About Data Sources

A data source is any tabular structure. The data source's data values are provided when you load a file or send a query to a service that returns results (for example, another Oracle Business Intelligence system or a database).

A data source can contain any of the following:

  • Match columns containing values that are found in the match column of another source, which relates this source to the other (for example, Customer Id or Product ID).

  • Attribute columns containing text, dates, or numbers that are required individually and are not aggregated (for example, Year, Category Country, Type, or Name).

  • Measure columns containing values that should be aggregated (for example, Revenue or Miles driven).

You can analyze a data source on its own, or you can analyze two or more data sources together, depending on what the data source contains.

When you save a project, the permissions are synchronized between the project and the external sources that it uses. If you share the project with other users, then the external sources are also shared with those same users.

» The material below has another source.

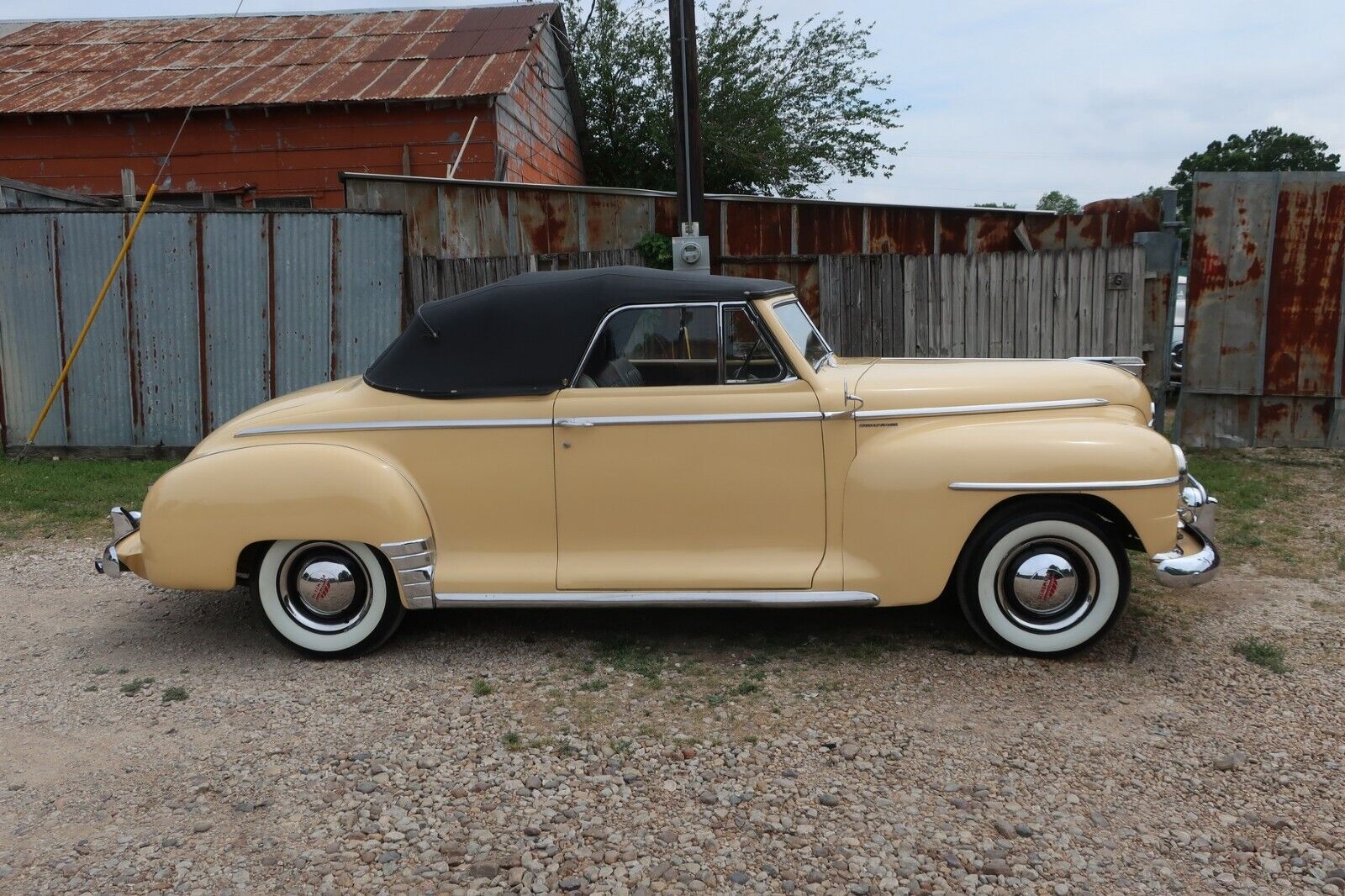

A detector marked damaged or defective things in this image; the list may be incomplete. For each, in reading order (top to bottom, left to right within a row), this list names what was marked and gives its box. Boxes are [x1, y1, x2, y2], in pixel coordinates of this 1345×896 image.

Combining Subject Areas and Data Sources

A subject area either extends a dimension by adding attributes or extends facts by adding measures and optional attributes. Hierarchies cannot be defined in external data sources.

A subject area organizes attributes into dimensions, often with hierarchies, and a set of measures, often with complex calculations, that can be analyzed against the dimension attributes. For example, the measure net revenue by customer segment for the current quarter and the same quarter a year ago.

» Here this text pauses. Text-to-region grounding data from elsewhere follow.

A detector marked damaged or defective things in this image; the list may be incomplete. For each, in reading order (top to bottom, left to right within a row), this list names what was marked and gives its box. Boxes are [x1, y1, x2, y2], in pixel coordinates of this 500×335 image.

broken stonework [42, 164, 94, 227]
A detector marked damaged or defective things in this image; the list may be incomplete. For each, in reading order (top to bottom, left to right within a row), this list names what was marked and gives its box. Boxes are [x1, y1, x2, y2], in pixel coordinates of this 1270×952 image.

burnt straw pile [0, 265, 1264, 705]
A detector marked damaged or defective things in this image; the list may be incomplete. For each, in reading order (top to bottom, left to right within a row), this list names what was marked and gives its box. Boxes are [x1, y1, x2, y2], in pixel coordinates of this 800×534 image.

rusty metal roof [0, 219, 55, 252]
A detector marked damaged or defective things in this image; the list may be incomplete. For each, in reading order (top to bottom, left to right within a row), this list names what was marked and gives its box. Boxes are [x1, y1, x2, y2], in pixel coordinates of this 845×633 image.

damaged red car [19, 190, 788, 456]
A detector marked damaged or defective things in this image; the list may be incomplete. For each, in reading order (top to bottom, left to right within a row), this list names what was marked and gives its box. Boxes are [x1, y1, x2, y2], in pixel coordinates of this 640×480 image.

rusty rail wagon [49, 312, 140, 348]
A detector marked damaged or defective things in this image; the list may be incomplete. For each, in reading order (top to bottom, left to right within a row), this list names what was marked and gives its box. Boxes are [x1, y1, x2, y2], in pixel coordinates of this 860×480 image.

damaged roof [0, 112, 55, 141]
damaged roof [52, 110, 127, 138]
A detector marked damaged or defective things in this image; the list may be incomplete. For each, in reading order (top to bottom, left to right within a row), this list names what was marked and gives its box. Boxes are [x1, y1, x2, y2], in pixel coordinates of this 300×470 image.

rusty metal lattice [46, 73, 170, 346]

When you use data from an external source such as an Excel file, it adds information that is new to the subject area. For example, suppose you purchased demographic information for postal areas or credit risk information for customers and want to use this data in an analysis before adding the data to the data warehouse or an existing subject area.

Using an external source as stand-alone means that the data from the external source is used independently of a subject area. It is either a single file used by itself or it is several files used together and in both cases a subject area is not involved.

Note the following criteria to extend a dimension by adding attributes from an external data source to a subject area:

  • Matches can be made to a single dimension only.

  • The set of values in matched columns must be unique in the external data source. For example, if the data source matches on ZIP code, then ZIP codes in the external source must be unique.

  • Matches can be between one or composite columns. An example of a one column match is that product key matches product key. For composite columns, an example is that company matches company and business unit matches business unit.

  • All other columns must be attributes.

Note the following criteria for adding measures from an external data source to a subject area:

  • Matches can be made to one or more dimensions.

  • The set of values in matched columns does not need to be unique in the external data source. For example, if the data source is a set of sales matched to date, customer, and product, then you can have multiple sales of a product to a customer on the same day.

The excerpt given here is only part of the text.